**What this task involves:** Return each line of the material verbatim.
+++
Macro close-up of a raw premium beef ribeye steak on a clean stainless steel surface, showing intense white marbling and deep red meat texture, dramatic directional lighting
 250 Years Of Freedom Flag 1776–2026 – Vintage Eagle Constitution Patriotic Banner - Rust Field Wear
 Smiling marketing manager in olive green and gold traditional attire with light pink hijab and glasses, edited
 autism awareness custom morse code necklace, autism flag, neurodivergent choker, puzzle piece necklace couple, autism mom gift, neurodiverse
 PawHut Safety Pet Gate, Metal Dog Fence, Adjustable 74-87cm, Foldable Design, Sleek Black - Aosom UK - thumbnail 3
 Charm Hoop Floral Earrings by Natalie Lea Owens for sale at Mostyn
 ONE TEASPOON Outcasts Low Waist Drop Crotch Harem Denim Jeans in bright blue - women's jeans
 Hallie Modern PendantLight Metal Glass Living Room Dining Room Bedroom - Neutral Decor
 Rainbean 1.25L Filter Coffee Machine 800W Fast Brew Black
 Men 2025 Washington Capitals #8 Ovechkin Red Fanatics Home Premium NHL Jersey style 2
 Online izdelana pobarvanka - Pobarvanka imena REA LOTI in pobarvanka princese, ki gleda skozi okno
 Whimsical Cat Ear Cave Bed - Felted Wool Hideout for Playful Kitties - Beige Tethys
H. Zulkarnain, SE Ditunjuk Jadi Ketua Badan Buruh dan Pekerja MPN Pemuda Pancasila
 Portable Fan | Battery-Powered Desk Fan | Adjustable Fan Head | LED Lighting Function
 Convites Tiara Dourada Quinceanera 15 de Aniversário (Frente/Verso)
+++
**Worked solution:**
Macro close-up of a raw premium beef ribeye steak on a clean stainless steel surface, showing intense white marbling and deep red meat texture, dramatic directional lighting
 250 Years Of Freedom Flag 1776–2026 – Vintage Eagle Constitution Patriotic Banner - Rust Field Wear
 Smiling marketing manager in olive green and gold traditional attire with light pink hijab and glasses, edited
 autism awareness custom morse code necklace, autism flag, neurodivergent choker, puzzle piece necklace couple, autism mom gift, neurodiverse
 PawHut Safety Pet Gate, Metal Dog Fence, Adjustable 74-87cm, Foldable Design, Sleek Black - Aosom UK - thumbnail 3
 Charm Hoop Floral Earrings by Natalie Lea Owens for sale at Mostyn
 ONE TEASPOON Outcasts Low Waist Drop Crotch Harem Denim Jeans in bright blue - women's jeans
 Hallie Modern PendantLight Metal Glass Living Room Dining Room Bedroom - Neutral Decor
 Rainbean 1.25L Filter Coffee Machine 800W Fast Brew Black
 Men 2025 Washington Capitals #8 Ovechkin Red Fanatics Home Premium NHL Jersey style 2
 Online izdelana pobarvanka - Pobarvanka imena REA LOTI in pobarvanka princese, ki gleda skozi okno
 Whimsical Cat Ear Cave Bed - Felted Wool Hideout for Playful Kitties - Beige Tethys
H. Zulkarnain, SE Ditunjuk Jadi Ketua Badan Buruh dan Pekerja MPN Pemuda Pancasila
 Portable Fan | Battery-Powered Desk Fan | Adjustable Fan Head | LED Lighting Function
 Convites Tiara Dourada Quinceanera 15 de Aniversário (Frente/Verso)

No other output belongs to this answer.